The third observation is that using memory mapped NVM regions and cache flushes is always better than relying on file system interfaces. By mapping the NVM file to the virtual address space using mmap(), we circumvent the file system entirely, removing the overhead of performing system calls and going through the file system software stack. When combined with pre-allocation of file storage, this approach also needs another system call, mremap(), to accommodate for the newly allocated space. In addition, the paper also suggests that using cache flush instructions (clwb, clflushopt) and memory fences for data persistence is better than using msync(), as msync() will write back an entire page even if only a small part of it is actually dirty.
The fourth observation is that the old assumption that data transfer can only be made atomically at 4KB blocks will become a problem with byte-addressable NVM. The paper uses the journaling block device, JBD2, as an example. Based on reasons discussed above, JBD2 always writes journal for the modified metadata in 4KB page to ensure the atomicity of the write, even in the case where multiple small metadata changes are made to different pages. This will translate into multiple 4KB write to the NVM, with lots of space for improvement as the actual amount of data being changed is not that much. As an improvement, the authors of the paper redesigned JBD2 and named it as Journaling DAX Device (JDD). JDD only logs metadata to be affected by a write at a byte level, reduing the number of information to be written to the minimum.

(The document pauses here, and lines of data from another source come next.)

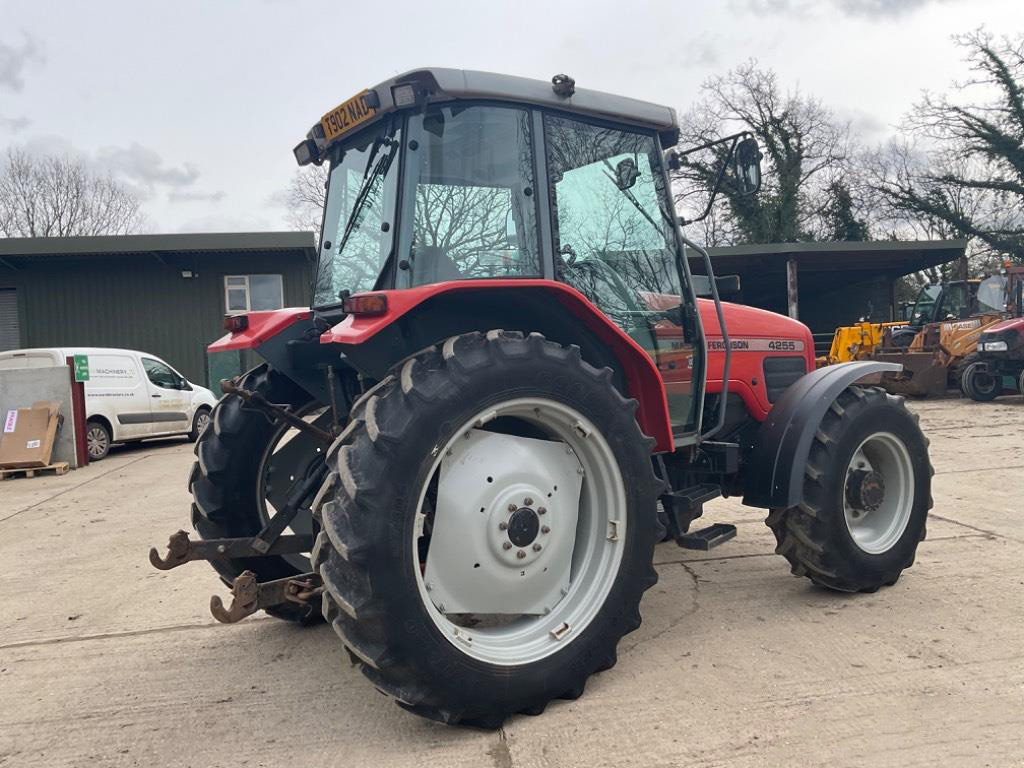 Massey Ferguson 4255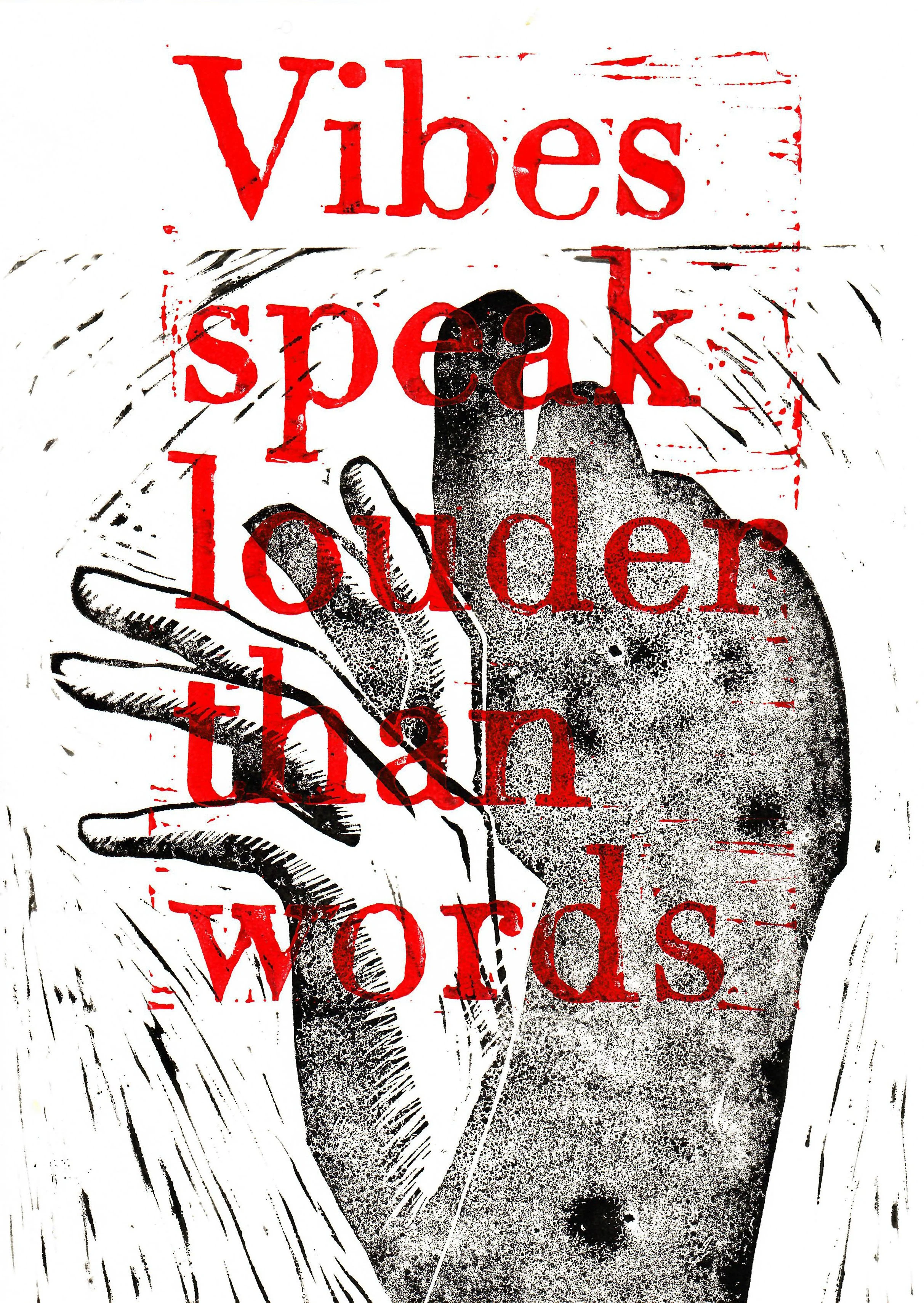 Immagine artistica di un cuore umano stilizzato con una mano che lo sostiene. Sopra il cuore ci sono le parole 'Vibes', 'speak', 'louder', e 'words' scritte in rosso.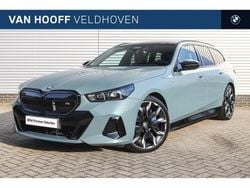 Cape york green (groen metallic) Gebruikt 2024 BMW i5 Comfort Edition Sedan | € 81.950 (Goede deal)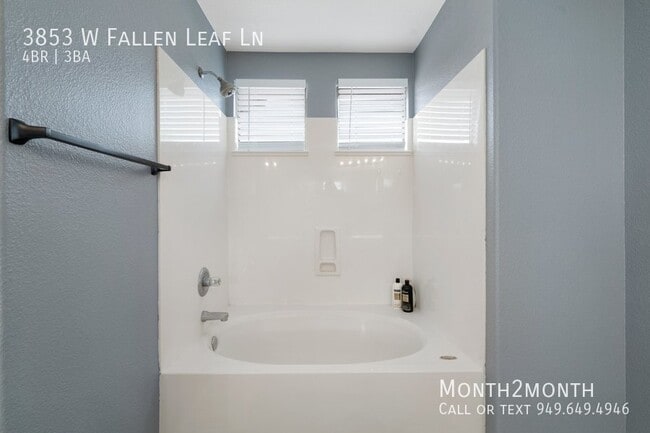 Building Photo - Pleasant on W Fallen Leaf Ln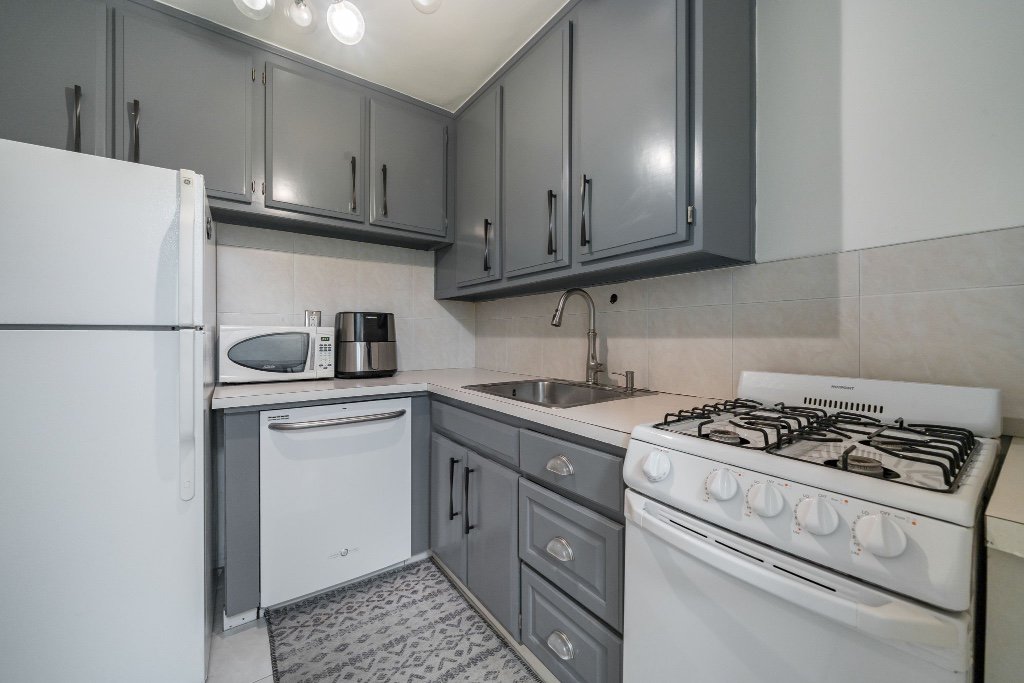 305 East 24th Street, Unit 11K photo 5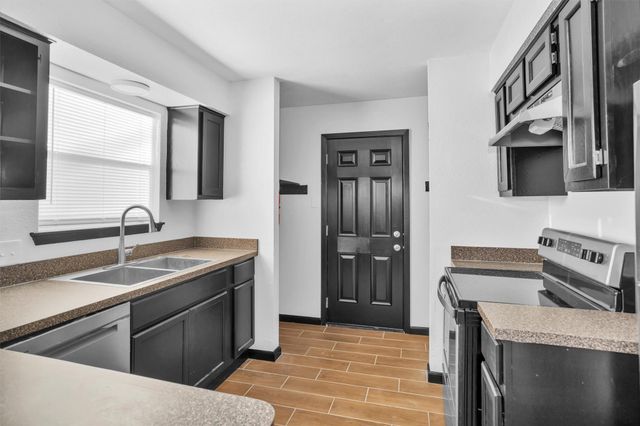 1121 Lovett Street, Tomball, TX 77375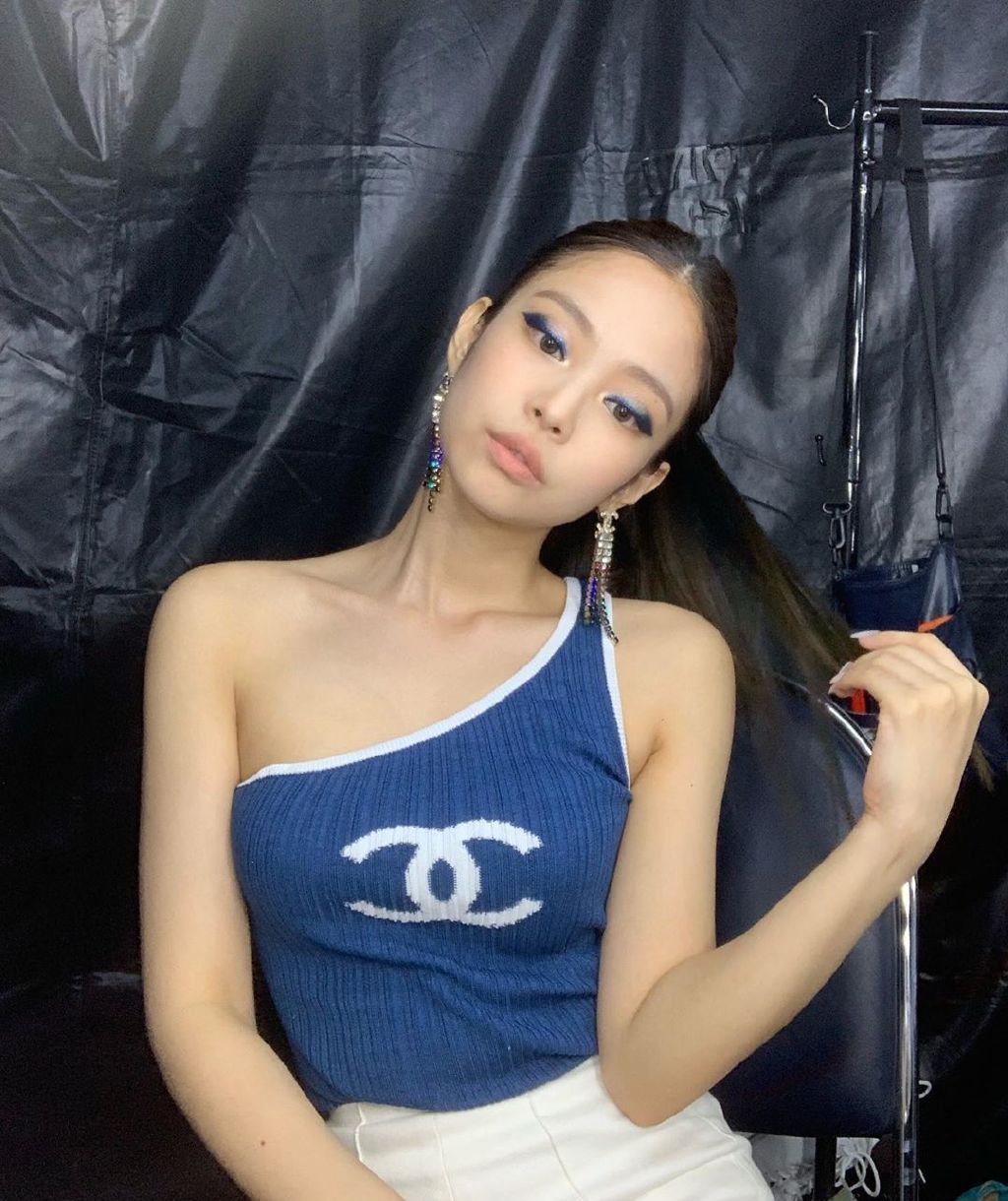 jennie金智妮blackpink斜肩,金智妮穿露腰装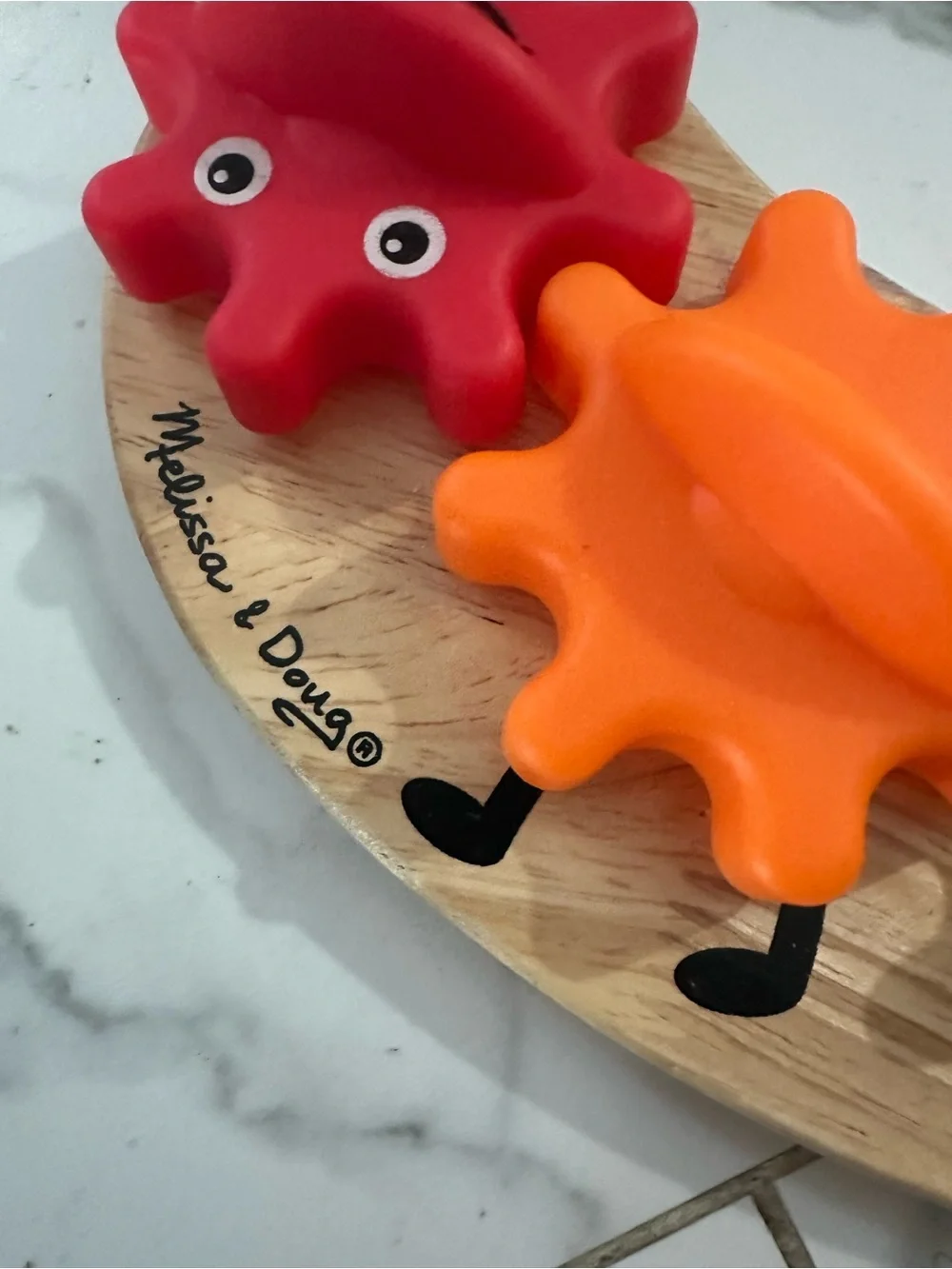 melissa & doug wooden rainbow caterpillar gear toy good condition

Lastly, as the access speed of NVM is close to that of the DRAM, greater parallelism has been observed for NVM-based systems. In such a system, centralized coordination such as single global journaling device can easily become a bottleneck without proper tuning, as is the case with JBD mentioned above. In JBD, all threads generating a journal record will have to serialize with each other, since the JBD is protected by a single lock, resulting in limited concurrency. To solve this problem, the paper suggests that a thread-local journaling space be maintained such that threads can generate their own record without interfering with each other. Better performance has been observed after replacing JBD with JDD.